I was once on stand-by, to be on stand-by, to go on stand-by, for the purpose of being on stand-by, for someone that needed me on stand-by. Guess what? I never got called back either. That was my last time to be on stand-by and that was in 1977.
They called me, not me them. I am the one they needed, not me needing them. I just tell them all that I am still on stand-by from 1977 and that I don't do that anymore. I tell them when and if they have something, call me and if their deal is agreeable with me, I will be available. If you are good enough, they will call back.
|RUSSELL E. DOE (Rdoe)
|Posted on Monday, January 15, 2001 - 11:19 am: |
I'm not on standby with NCA,but I've been wanting to post my feelings for a while now!I have a good relationship with a few good Cat Adjusting Firms.When a medium event happens,I get calls from all the Companies that have my resume.What is an Adjuster to do!! Do you tell all the companies to put you on stand by."is it fair to them" or do you hope that the company you would really want to work for gets enough claims to call you!It has cost me plenty of heartburn.I also know staffing an event without knowing the amount of claims is also difficult for the Cat Manager.I would like to hear from other Adjusters and Adjusting Firms on their opinion as to what they expect from an adjuster,when they put them on Stand by.What should we expect!See you the
|Posted on Sunday, January 14, 2001 - 11:13 pm: |
Well... Jim, you're a little strong in your reply... correct, but a little strong. I fear for the delicate sensebilities of some of our fellow contributors. But, all in all, what is the use in whining over one of the basic tenets of our industry?
Oh, by the way, I humbly suggest that you use a psuedonym when you let loose with broadsides like this one.

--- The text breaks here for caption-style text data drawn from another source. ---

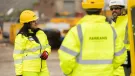 Three people in yellow PPE stand talking with construction machinery in the background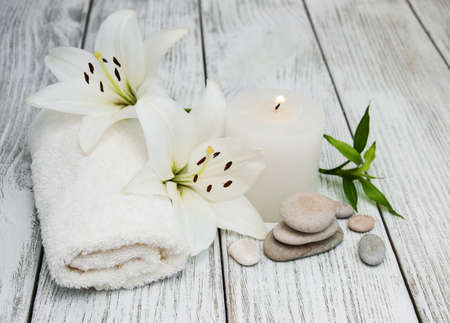 Spa products with white lily on a old wooden backgroundの写真素材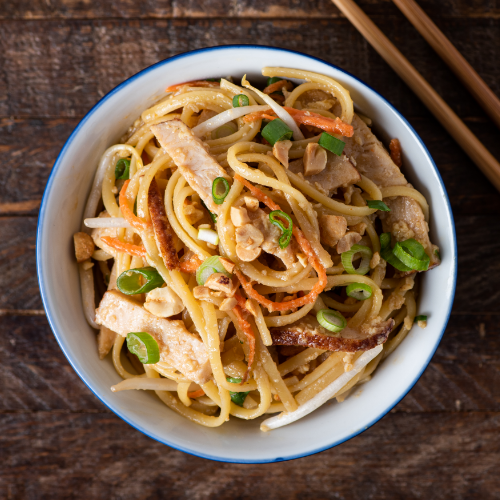 A white and blue bowl of turkey pad thai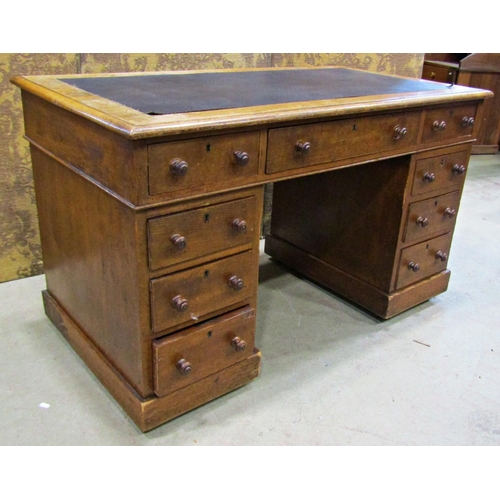 2259 - A Victorian oak pedestal writing desk of nine drawers with inset top, 122cm wide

The vendors like to read this forum.
Has anyone got any news on how many of the State Farm Natcat folks are out on the road now?
|Posted on Sunday, January 14, 2001 - 8:49 pm: |
I know what is going on with NCA...it goes on with NCA just as it does with most Insurance claim pimps. There primary interest is making money and they feel to do that they need a stable of adjusters to satisfy any and all of the clients needs. They could care less about you and me and the false hopes that they build in our famlies by putting us on stand by knowing that there is a slim chance of you ever being called. Sad, but guess what? It will continue as long as they have a supply of resumes to parade in front of the client just like the pimp on the corner. I got your stand by right here...i will be on stand by with 20 pimps but the first one that calls and can guarantee me 100 files i am gone!
|Lyndon Graves (Lyndon)
|Posted on Sunday, January 14, 2001 - 8:03 pm: |
Myself, and several others,received a call from NCA placing us on standby for East Coast losses.
Now standby is like fidelity is in marriage. You are supposed to be chosen for that one entity only. It is a promise to be available for that company when called.
So when NCA put us on standby, and does not call. . .we get upset to see a posting that adjusters are needed for immediate work!
So, without malice, I asked the question what is going on? Anybody else want to know?